Sécuriser les activités de l'agriculteur et de la coopérative

Les parts sociales caractérisent le fonctionnement des coopératives. Elles permettent à ces entreprises d’avoir un capital garanti et d’investir en ayant davantage de sécurité. « En souscrivant des parts sociales d’activité, l’agriculteur devient associé à la coopérative, explique Muriel Tina, juriste adjointe à la direction des affaires juridiques et fiscales chez Coop de France. En plus de l’engagement de travailler ensemble, ce qui sécurise leurs activités respectives, l’agriculteur s’engage à utiliser les services et à acheter les intrants que propose la coopérative à la hauteur de son activité. » L’engagement peut être total ou partiel, tout dépend de ce que permettent les statuts de la coop et de ce que désire l’agriculteur. Si un adhérent ne respecte pas son engagement, il peut être obligé de payer des pénalités. « Selon les décisions du conseil d’administration, l’agriculteur va devoir rembourser les charges fixes proportionnelles au volume qu'il aurait dû livrer, signale la juriste. Ces pénalités sont appliquées afin de ne pas pénaliser les autres adhérents en leur faisant payer ces charges. » Toutefois, selon les statuts des coopératives, un agriculteur peut travailler avec une coopérative en tant que tiers, sans être adhérent donc. Les conditions de vente des productions ne seront pas les mêmes. L’activité d'une coopérative avec des tiers ne doit pas dépasser 20 % de son activité totale. « Cela lui permet d’avoir davantage de souplesse et de complèter ses engagements afin de rentabiliser au maximum ses investissements », ajoute Muriel Tina.

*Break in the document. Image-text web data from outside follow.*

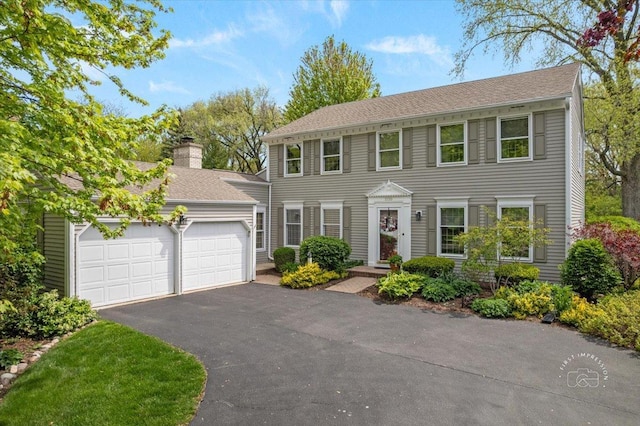 1228 N W St, Naperville, IL 60563 - colonial home with an attached garage, driveway, and a chimney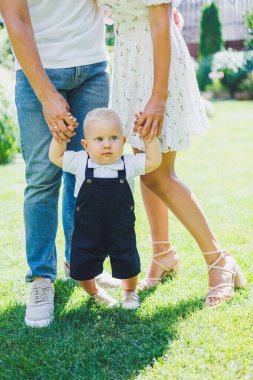 Küçük çocuk anne ve babasıyla el ele yürümeyi öğreniyor. İlk adımları atan çocuk.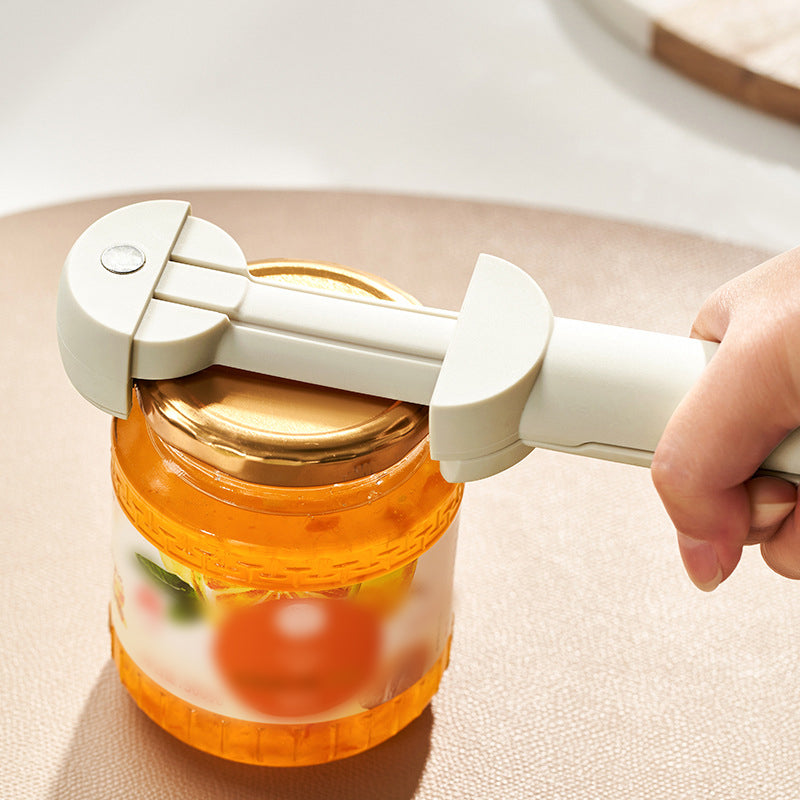 "Elegant multifunktionell flasköppnare med inbyggd magnet, ergonomiskt grepp och hållbar konstruktion i rostfritt stål."
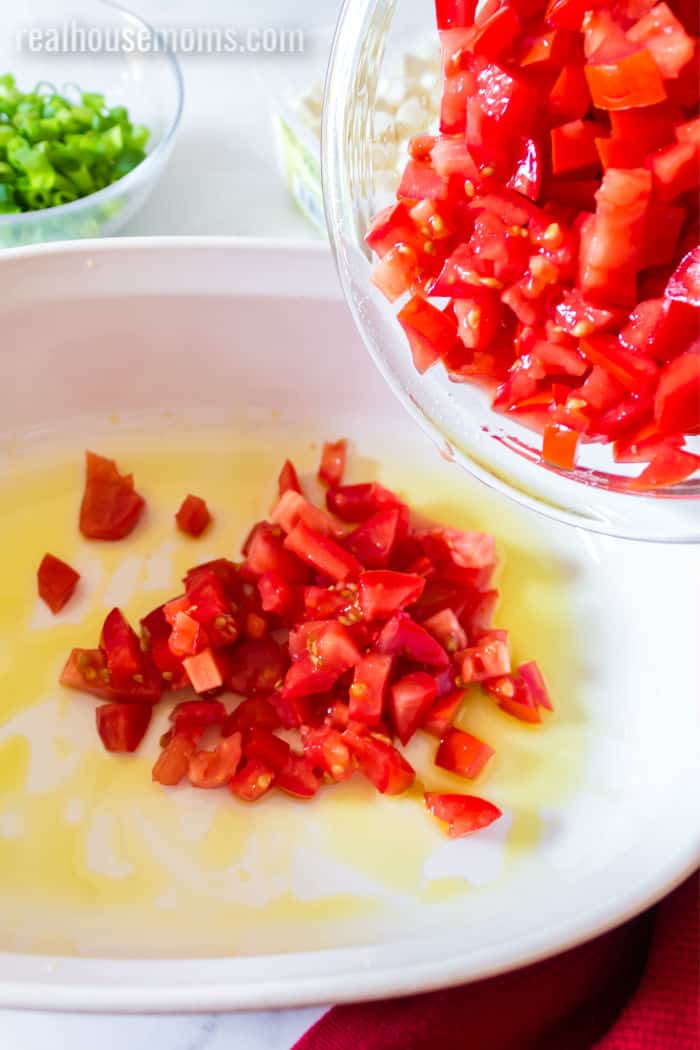 tomato being added to olive oil in a casserole dish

Une rémunération pas toujours au rendez-vous

Selon le résultat de la coopérative et la décision de l'assemblée générale, le bénéfice peut être réinvesti dans l’entreprise ou distribué aux adhérents sous forme d’intérêts aux parts. Le taux de rémunération est proposé par le conseil d’administration. Il est tout de même plafonné par la Loi Sapin 2 et revu tous les six mois. En 2017, le taux maximal était de 3,22 %. Ces intérêts aux parts passent souvent inaperçus car ils peuvent être versés sous forme de ristournes selon le volume livré. On retrouve leur montant sur la facture envoyée à l’adhérent lorsque la vente est réalisée. « Il arrive que ces dividendes soient utilisées pour souscrire de nouvelles parts sociales, dites d’épargne, reconnaît Lionel Lavocat. L’agriculteur capitalise alors sans vraiment le vouloir, car c’est une décision collective de l'assemblée générale. » Posséder des parts sociales dans une coopérative permet toutefois à l’agriculteur de participer à la vie de celle-ci et donc d'influer sur ce type de décisions. «L’adhérent obtient ainsi un droit de regard et peut au besoin remettre en cause les choix du conseil d’administration, explique la juriste. Peu importe le montant des parts, lors de l’assemblée générale, un homme équivaut à une voix. Malheureusement, on constate de moins en moins de participation à ces réunions. Or c’est un moment important dans une coopérative. On y décide notamment l’affectation du résultat. »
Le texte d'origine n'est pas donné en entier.